Anti-Money Laundering – New Rules in Force

The Fourth Anti-Money Laundering Directive (AMLD 4) aims to strengthen the integrity of the EU’s financial system by combating money laundering and the financing of terrorism.  AMLD 4 relies on the principle that illicit financial flows can damage not just the Member State concerned, but the stability and reputation of the entire EU financial sector.

The evolution of financial crime

Financial crime has become more sophisticated over time, often involving international networks. This has made tighter controls and increased coordination across jurisdictions more important than ever. The EU’s approach aligns closely with international standards, including those set by the Financial Action Task Force (FATF).  

Key Objectives of AMLD 4

One of the core goals of AMLD 4 is to improve transparency by ensuring that the beneficial ownership of companies is identified and recorded. This means tracing the ownership structure to the individual who ultimately owns or controls the entity. The Directive mandates that this information must be accurate, up-to-date, and easily accessible to competent authorities  

Key Aims of Anti-Money Laundering Legislation

Identifying the beneficial owner is key to avoiding would-be criminals from hiding behind a corporate structure.  This is the raison-d’etre behind the due diligence and other obligations underlying the Directive.

The aim is to look for the individual (natural) person at the very end of the line. Information needs not only be adequate and accurate, but also up-to-date, which is why certain checks need to be repeated regularly.

Main changes in AMLD 4
  • Less Reliance on Simplified Due Diligence: Simplified Customer Due Diligence (CDD) is now only allowed in limited cases. Entities must demonstrate low risk before applying reduced checks—and must continue to monitor the relationship.

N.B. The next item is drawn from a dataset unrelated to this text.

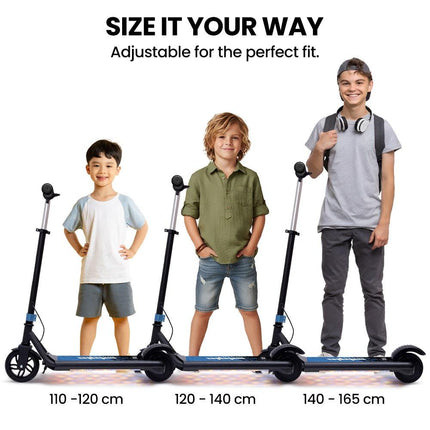 ALPHA Edge Electric Scooter Kids/Teens, 16km/h Max, Adjustable Height, UL Certified, AU Compliant, Dual Brakes, Bluetooth Music, LED, Blue.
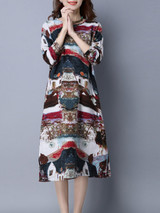 Casual Round Neck Slit Pocket Printed Glamorous Maxi Dress Casual Round Neck Slit Pocket Printed Glamorous Maxi Dress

  • Enhanced Due Diligence (EDD): Required for high-risk clients, such as asset-holding vehicles, cash-intensive businesses, and transactions involving high-risk jurisdictions.

  • Wider Scope of Politically Exposed Persons (PEPs): The definition now includes individuals in domestic public positions, not just foreign ones. All PEPs are automatically subject to EDD.

  • Central Beneficial Ownership Registers: Companies must maintain beneficial ownership information in a register accessible to national authorities like the MFSA and FIAU in Malta.

  • Lower Transaction Thresholds: The threshold for triggering CDD for cash transactions has been reduced from €15,000 to €10,000. For high-risk gambling operations, the threshold is as low as €2,000.

  • Gambling Sector Inclusion: The entire gambling sector now falls under AMLD 4, not just specific areas, and subject persons must apply CDD when applicable.

  • Tax Crimes as Predicate Offences: Tax offences are now clearly predicate offences across all EU jurisdictions.  This harmonises definitions and enables Member States to better enforce the AMLD 4 rules.

  • Increased National Oversight: Member States must perform their own national risk assessments.  This could may lead to Member States introducing stricter national requirements.

Malta’s Implementation

On 20 December 2017, Malta adopted the Prevention of Money Laundering and Funding of Terrorism Regulations, 2017, in line with AMLD 4. These regulations repealed the 2008 rules and introduced risk-based CDD as the standard approach.

Although the FIAU is revising the Implementing Procedures (Part I), entities are advised that in case of conflict between this document and the regulations, the 2017 regulations will take precedence.

Final Thoughts

AMLD 4 marks a significant shift in the EU’s AML framework. By focusing on transparency, harmonisation, and a risk-based approach, AMLD 4 aims to make financial systems more resilient to abuse. Malta’s regulatory framework continues to evolve to meet these standards, reinforcing its commitment to compliance and integrity in financial services.